In January 2008 Jabbarov’s habeas counsel hand-delivered a letter to the JTF Guantanamo commander, requesting that Jabbarov be moved out of Camp 5; he claims that he never received a response. In March 2008 he again asked that Jabbarov be transferred to Camp 1 or Camp 4 and that he receive physical therapy for his back. At the end of April, Jabbarov wrote his attorney that he is now receiving some limited physical therapy. Yet, Jabbarov remains in Camp 5.83

Jabbarov has told his lawyer that the recreation area in Camp 5 has a tarp covering it, so he never gets to feel the sun, and that he longs to feel the warmth of the sun on his body. He said also that whenever he is moved, for visits to the hospital or visits with his lawyer, he always sneaks glances of the ocean.84

Jabbarov has a wife and two children—both boys—ages eight and six. He has never laid eyes upon—or spoken with—his youngest son.85

Notes

79. Human Rights Watch telephone interview with Michael Mone, attorney for Oybek Jamoldinivich Jabbarov, April 6, 2008.

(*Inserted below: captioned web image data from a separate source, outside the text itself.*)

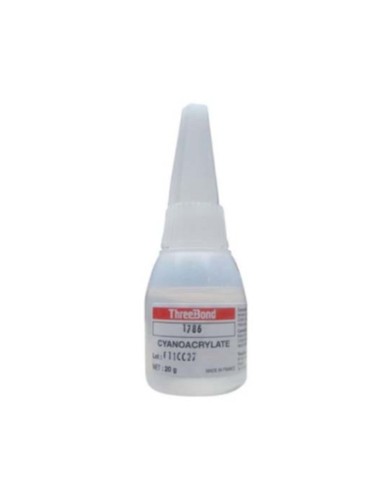 THREE BOND COLLAGE INSTANTANE REF. 1786 - FLACON 20 GR THREE BOND COLLAGE INSTANTANE REF. 1786 - FLACON 20 GR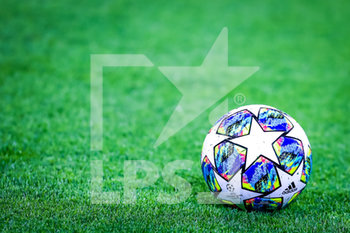2020-01-01 - Official ball UEFA Champions League during soccer season 2019/20 symbolic images - Photo credit Fabrizio Carabelli - ITALIAN SOCCER PHOTOS SEASON 2019/20 - OTHER - SOCCER
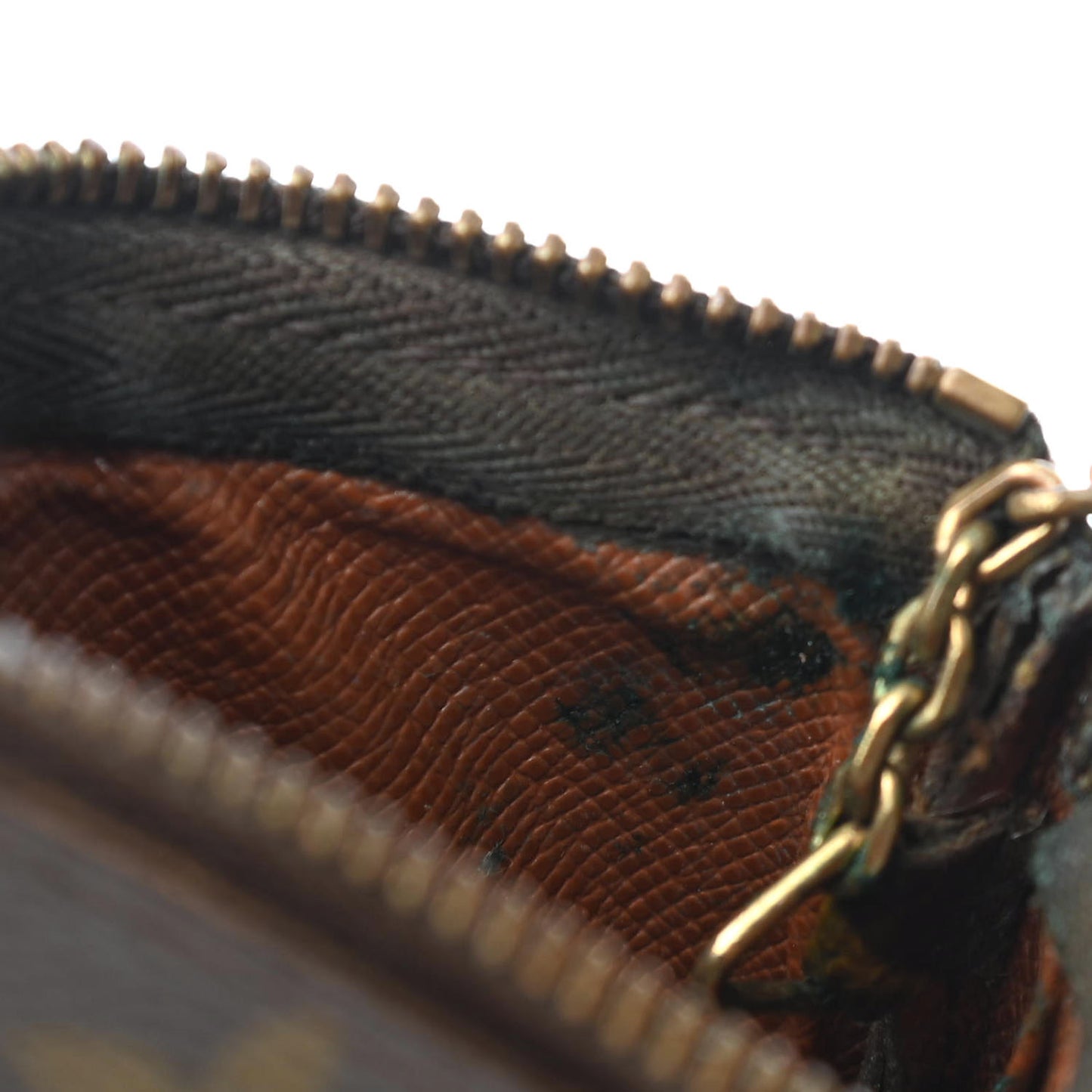 Monogram Key Pouch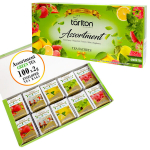 Tseiloni roheline tee Assortii kotikestes 100 tk (5 sorti x 20 tk.), Tarlton, 200g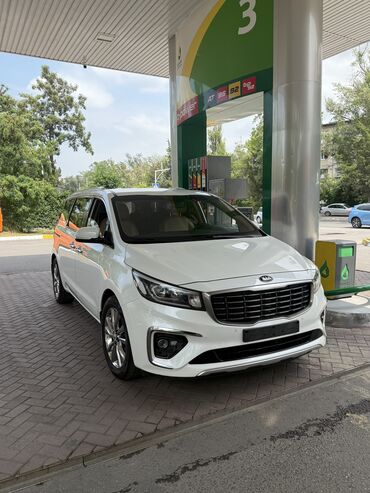 самая дорогая машина в кыргызстане: Kia Carnival: 2020 г., 2.2 л, Автомат, Дизель, Вэн/Минивэн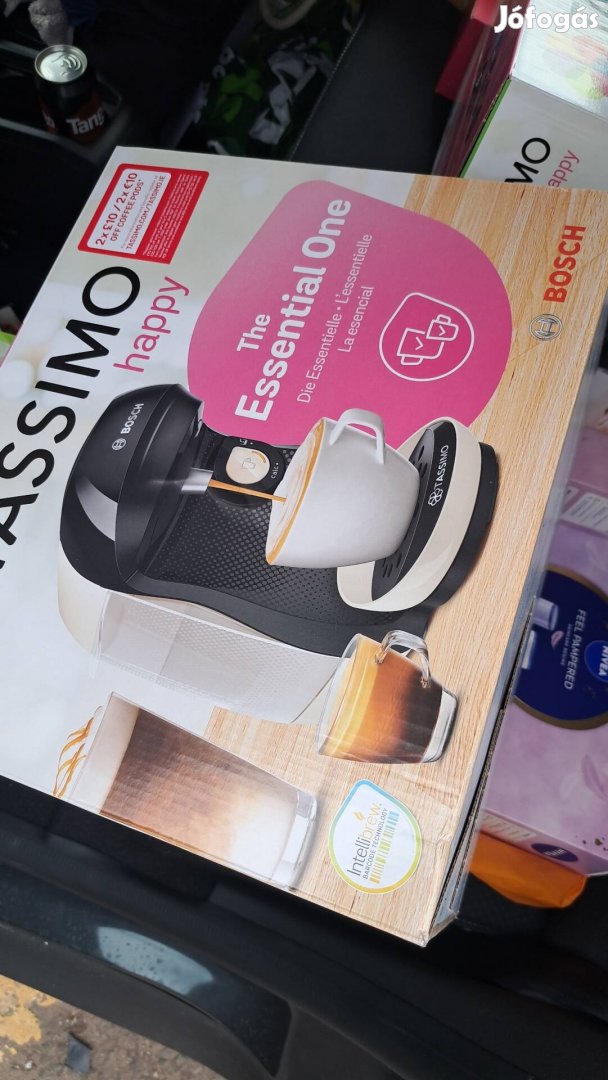 Bosch tassimo kávéfőző krém ill. piros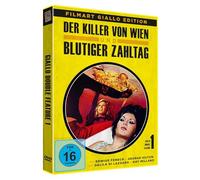 DER KILLER VON WIEN / BLUTIGER ZAHLTAG - FILMART GIALLO DOUBLE FEATURE # 1 - Limited Ed. 500 Stück - 2 DVD Set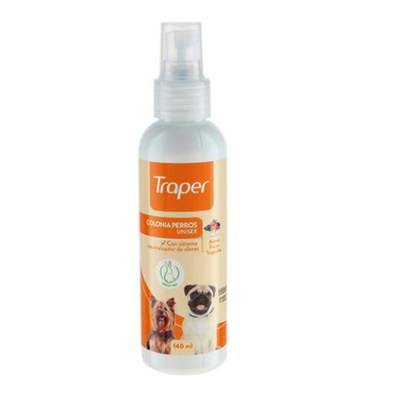 Traper Colonia Unisex Perros y Gatos 140ml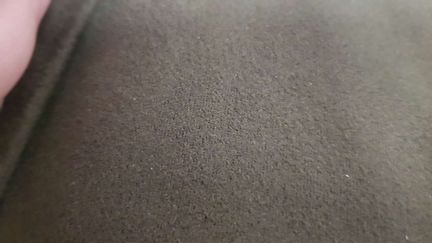 Юбка-карандаш, искусственная замша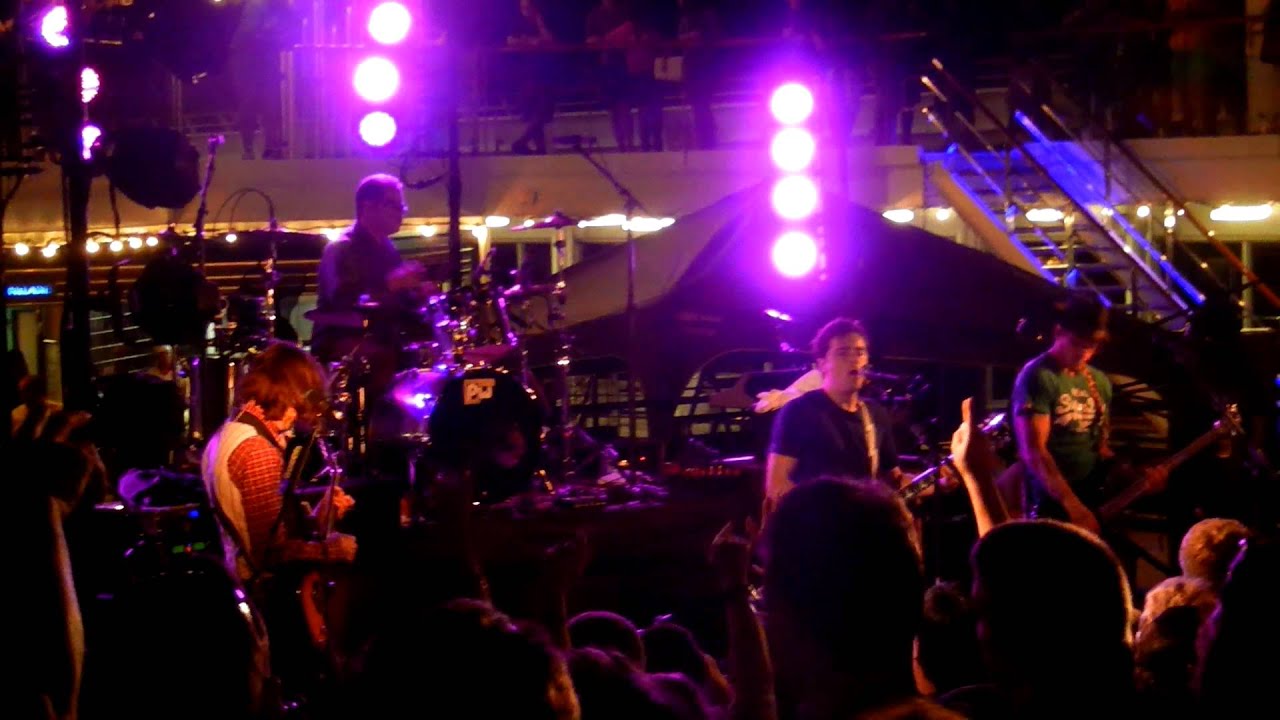 Weezer Cruise Surf wax america YouTube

80. The 2007 State Department Country Reports on Human Rights Practices noted that security forces in Uzbekistan “routinely tortured, beat, and otherwise mistreated detainees under interrogation to obtain confessions or incriminating information.” US State Department, Bureau of Democracy, Human Rights, and Labor, “Country Reports on Human Rights Practices - 2007: Uzbekistan,” March 11, 2008, http://www.state.gov/g/drl/rls/hrrpt/2007/100623.htm (accessed June 6, 2008); Human Rights Watch telephone interview with Michael Mone, May 12, 2008.

81. To its credit, the US has recognized Jabbarov’s credible fear of return, is not planning to repatriate him to Uzbekistan, and is instead seeking to resettle him elsewhere.

82. Human Rights Watch telephone interview with Michael Mone, May 12, 2008.

83. Email communication from Michael Mone to Human Rights Watch, May 16, 2008.

84. Human Rights Watch telephone interview with Michael Mone, May 12, 2008.

85. Human Rights Watch telephone interview with Michael Mone, January 15, 2008.